Le confinement et la maladie du Covid-19 exposent les aidants et leurs proches fragiles à des situations de stress bien particulières. Pour vous aider à faire face, Aidant attitude et Dorothée Moncel, infirmière d’une équipe mobile d’Accompagnement et de Soins Palliatifs à l’Hôpital Bichat – Claude-Bernard de Paris répondent à toutes vos questions :
1/ L’aidant et le proche sont séparés
-Comment lutter contre le stress lié à la séparation ?
Le confinement est une situation exceptionnelle qui génère de l’anxiété autant au niveau individuel que collectif. Le stress peut être provoqué par l’inquiétude pour son proche, pour sa santé, pour son moral, par le sentiment d’abandon qu’il peut ressentir et aussi par la culpabilité ou les regrets que l’aidant peut éprouver. Il est indispensable d’identifier ses causes afin de pouvoir agir plutôt que de réagir.

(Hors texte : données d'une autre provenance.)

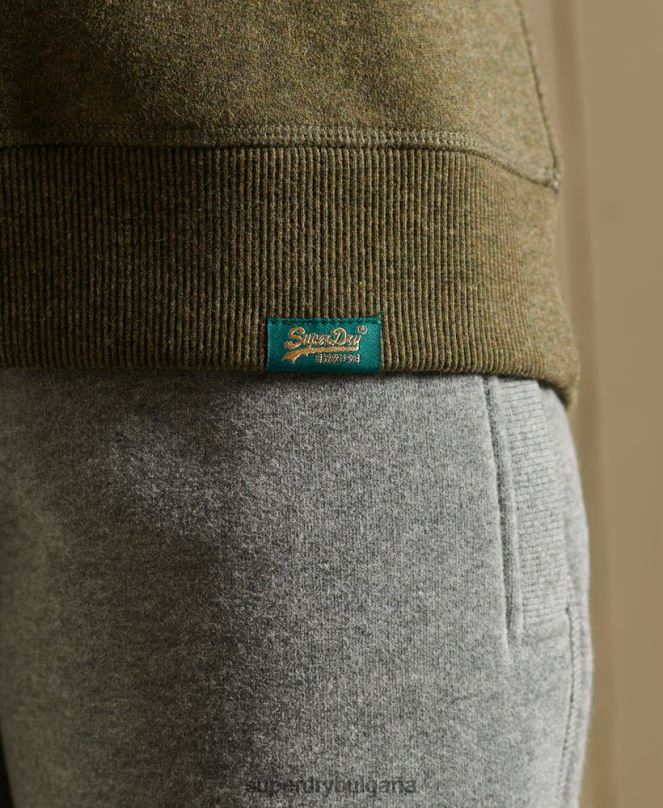 Superdry облекло N00H3478 каки Жени винтидж суичър с лого crew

Échanger avec d’autres sur ce qui nous inquiète et ce nous voulons changer ou faire évoluer est aussi un bon moyen de trouver des ressources pour faire face.

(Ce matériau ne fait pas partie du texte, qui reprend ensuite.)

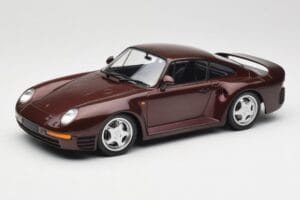 Porsche 959 Dark Red Metallic Minichamps 1:18 155066204 Métal Moulé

-Comment soutenir son proche alors qu’il est seul chez lui et que l’aidant ne peut lui rendre visite ?
Rester chez soi actuellement est une contrainte indispensable. Il faut donc accepter que le soutien apporté à son proche ne puisse être idéal. Mais il est toujours possible de continuer de se préoccuper de ses besoins, de ses ressentis, de rester à son écoute sans toutefois se substituer à ses émotions. Il est aussi important de se faire confiance et d’explorer ses capacités à être créatif. En effet, le soutien peut prendre de multiples formes.
Par ailleurs, l’attestation de déplacement dérogatoire rend possible les sorties pour venir en aide à une personne vulnérable. Des visites peuvent donc être envisagées en respectant les mesures de protection. La Croix Rouge française a également mis en place dans beaucoup de régions, des passages de bénévoles pour répondre à certains besoins.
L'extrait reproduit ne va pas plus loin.